Masaharu Mizumoto, Jonardon Ganeri, and Cliff Goddard, eds., Ethno-epistemology: New Directions for Global Epistemology (New York: Routledge, 2020).
Ethno-epistemology features new perspectives on the implications of cross-linguistic and cultural diversity for the field of epistemology. It brings together philosophers, linguists, and scholars working on knowledge traditions to advance work in epistemology that moves beyond the Anglophone sphere. It proffers an essential resource for philosophers working in epistemology and comparative philosophy, as well as for linguists and cultural anthropologists interested in the cultural-linguistic diversity of knowledge traditions.
Peter Adamson and Jonardon Ganeri, Classical Indian Philosophy (Oxford: Oxford University Press, 2020).
Peter Adamson and Jonardon Ganeri present a lively introduction to the philosophy of classical India.

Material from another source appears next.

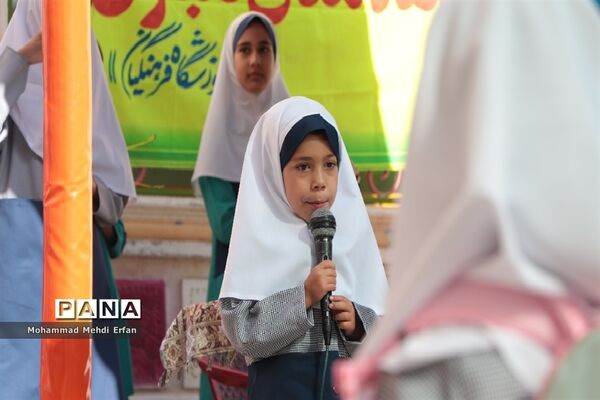 نواختن زنگ شکوفه‌ها در مدارس شهرستان آباده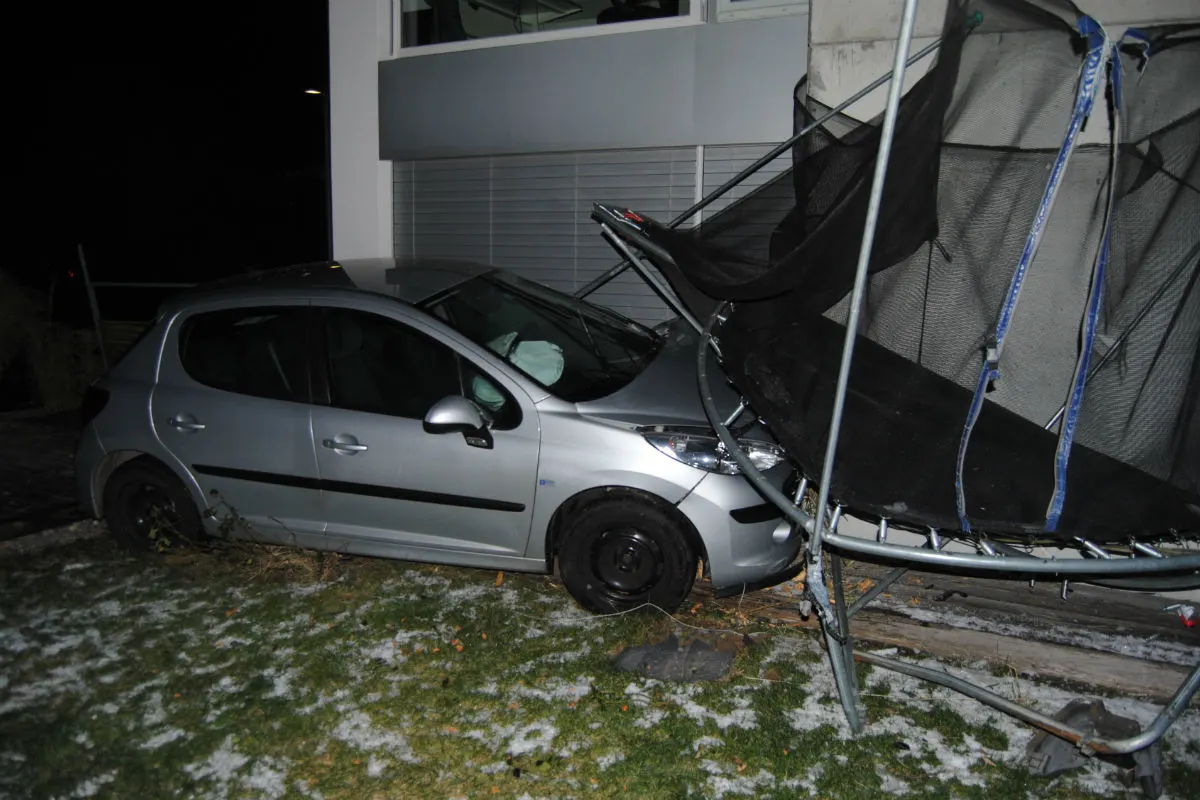 Wilchingen SH - Frau bei Selbstunfall mit Auto verletzt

Classical Indian Philosophy explores the earliest extant literature, the Vedas, and the explanatory works that these inspired, known as the Upaniṣads. They also discuss other famous texts of classical Vedic culture, the explosion of philosophical speculation devoted to foundational texts called sutras, while charting further developments within Buddhism. The authors further focus on the much-debated question of whether Indian philosophy may have influenced ancient Greek philosophy and had an impact on later Western thought.
Lloyd P. Gerson, The Plotinus Reader (Cambridge: Hackett, 2020).
The Plotinus Reader contains a wide range of translations from the fifty-four treatises that make up Plotinus’ Enneads, a key work in the history of philosophy. These translations attempt to provide an accessible yet accurate depiction of Plotinus’ often difficult language, based on the definitive critical edition of the Greek and decades of further textual scrutiny by many academics. There are several references to Plotinus’ sources, as well as numerous cross-references accompanied by a glossary of technical words.
Joseph Heath, The Machinery of Government: Public Administration and the Liberal State (Oxford: Oxford University Press, 2020).
In his latest, Donner Prize–winning book, Joe Heath seeks to interrogate the traditional model of state power by examining the practice of public administration with regard to normative questions. Heath both provides a corrective to the prevailing tendency to underestimate the contribution of civil servants to the success of liberal-democratic welfare states and suggests a more satisfactory account of the principles implicit in public administration.
Hear Joseph Heath discussing his book at 31:18
Mark Kingwell, The Ethics of Architecture, (Oxford: Oxford University Press, 2021).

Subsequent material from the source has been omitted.